The agreement was adjusted in September, with amendments including Deep-South to also pay C$150,000 after its next plus-$1 million financing to Jeanette Gyldstoff Borg, who had held 75% of project owner RCR Quantum, and buy-back a Quantum loan to the seller after establishing resource milestones.
Deep-South chairman John Akwenye said the company was very enthusiastic about the transaction, which was waiting on acceptance from the Turkish ministry of energy and natural resources.
"We are securing a large area in the heart of a highly prospective area in one of the most mining friendly countries in the world," he said.
Turkey was ranked near the middle of 96 jurisdictions in the recently-released Mining Journal World Risk Report 2018 (feat. MineHutte ratings).
Deep-South said Turkey's recent amendments to mining legislation and investment incentive scheme offered benefits including tax reductions and exemptions.

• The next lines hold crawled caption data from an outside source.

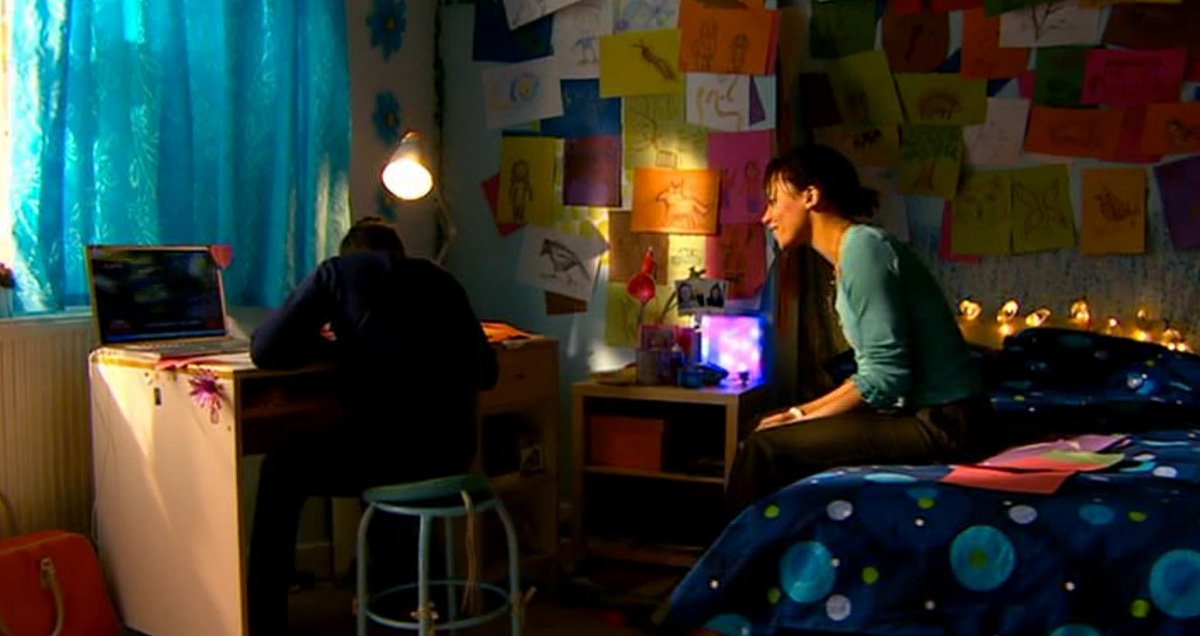 mum watches chloe webber drawing fear her doctorwho drwho doctor who whobackwhen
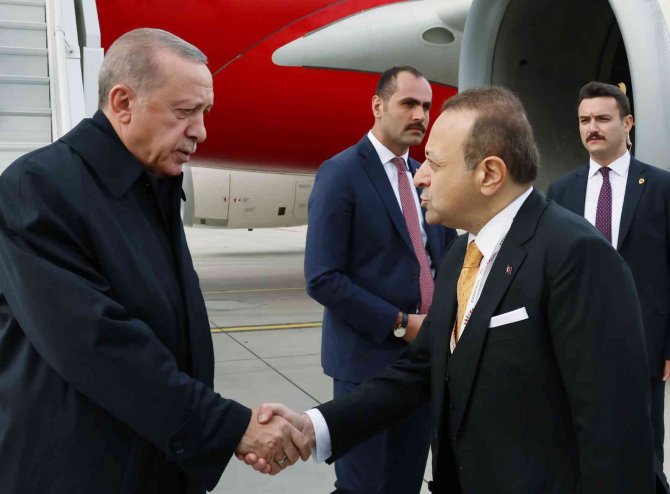 Cumhurbaşkanı Erdoğan’a Prag’da Sevgi Seli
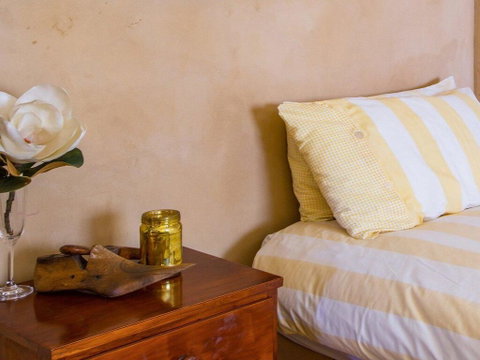 The Farmhouse - Grape Vines And Rolling Green Hills - Surfers Gold Coast 3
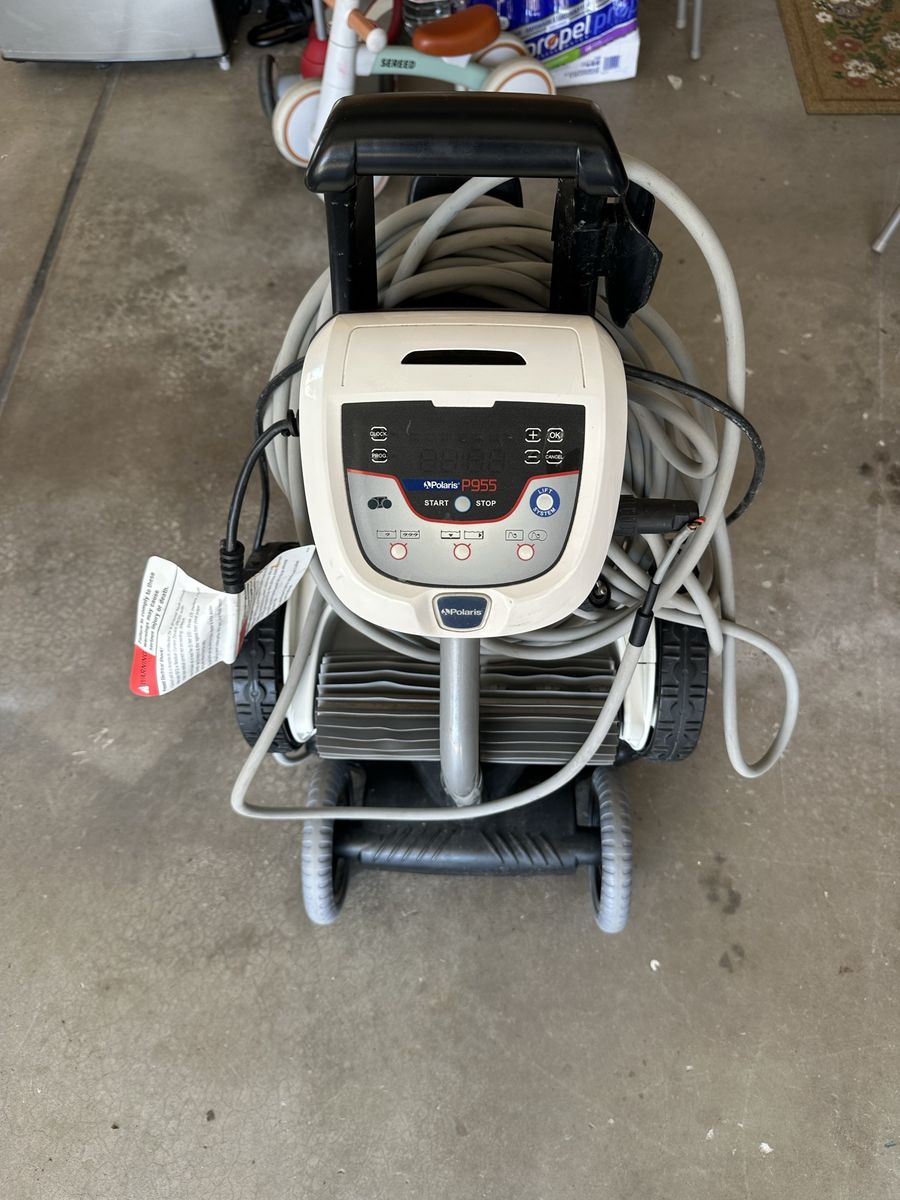 Polaris P955 Robotic Pool Cleaner with Caddy - Used, Fully Functional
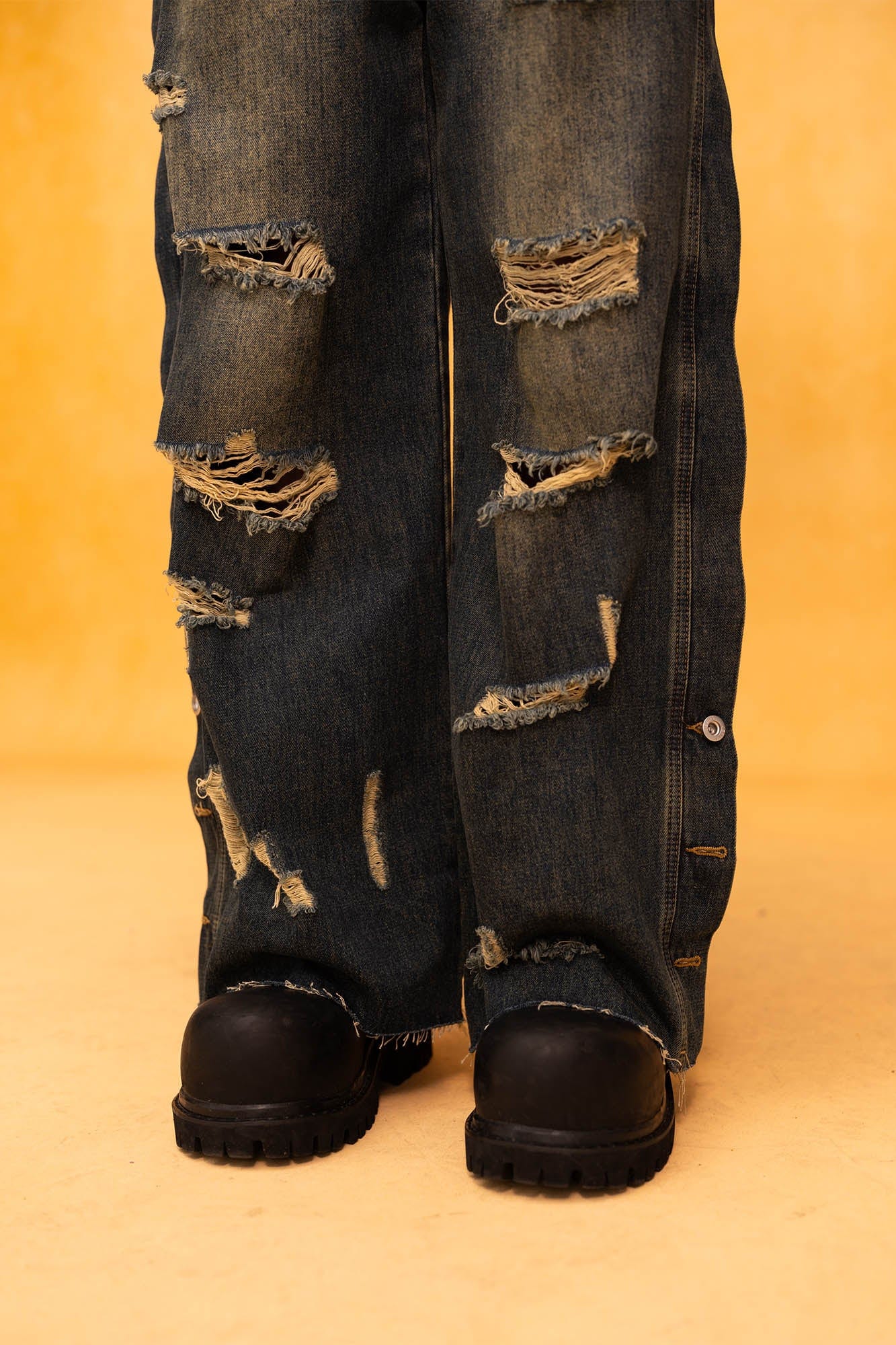 CLP Distressed Buttoned Wide-Leg Jeans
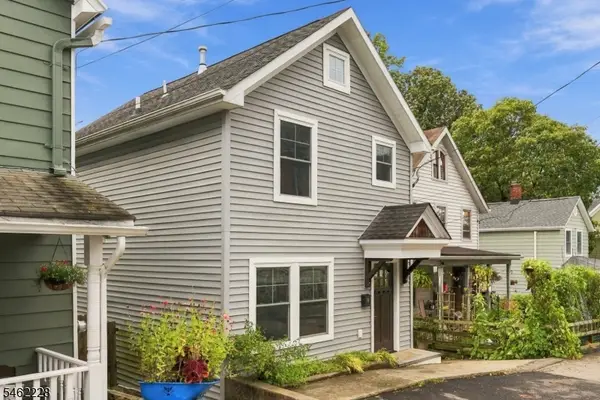 14 Catherine Ln, Morristown Town, NJ 07960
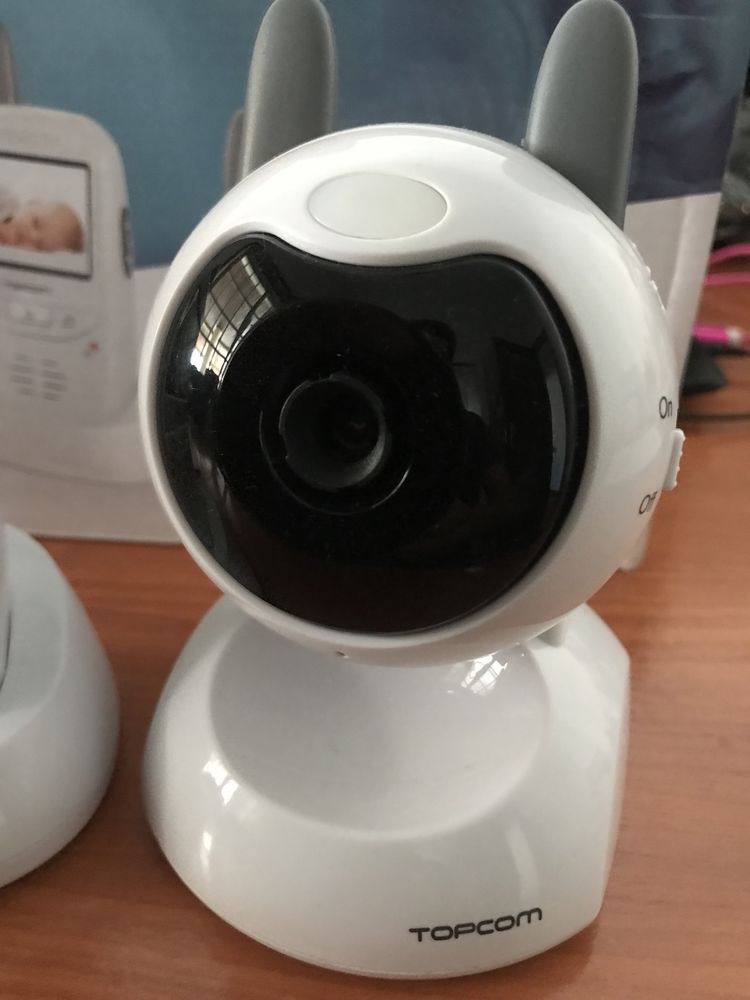 Camara vigilancia bebe topcom com avaria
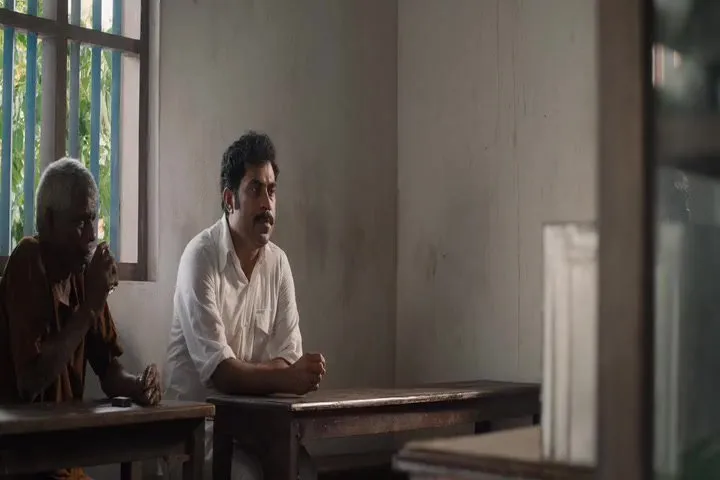 Nagendrans Honeymoons Telugu Movie Watch Online, Download Ibomma One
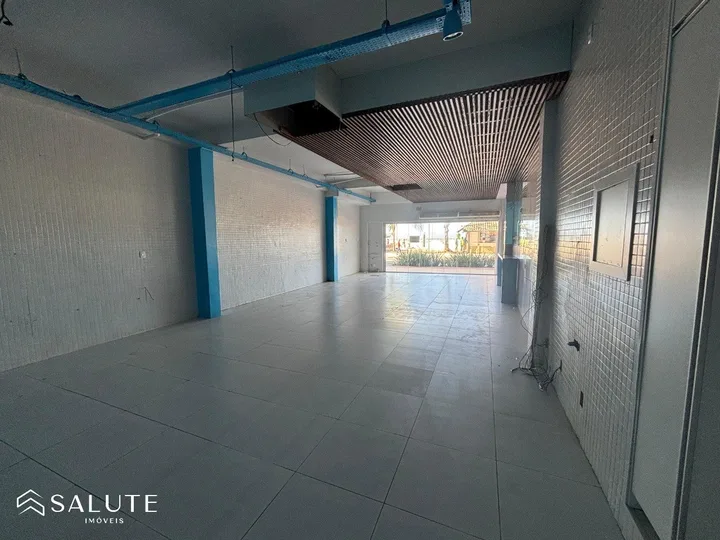 Sala comercial locação anual no Centro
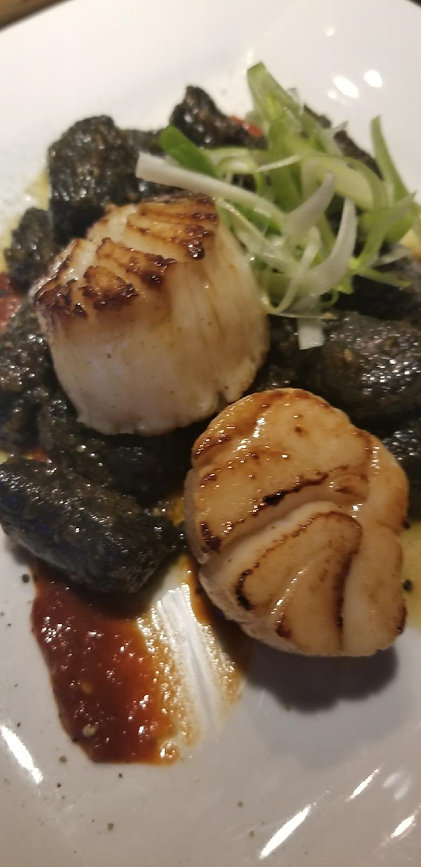 Seared scallop LG.jpeg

It said Kapili Tepe comprised a mining licence and two exploration licences in north-east central Turkey within the Tethyan Orogenic belt.
Deep-South also has the Haib copper project in Namibia, after acquiring the remaining 70% stake from Teck last year in a share deal that took Teck's interest in Deep-South to 35%.
Deep-South shares shot up almost 35% yesterday to C15.5c, further climbing off a 52-week low of 6c reached last month, and putting its market valuation at $8.5 million.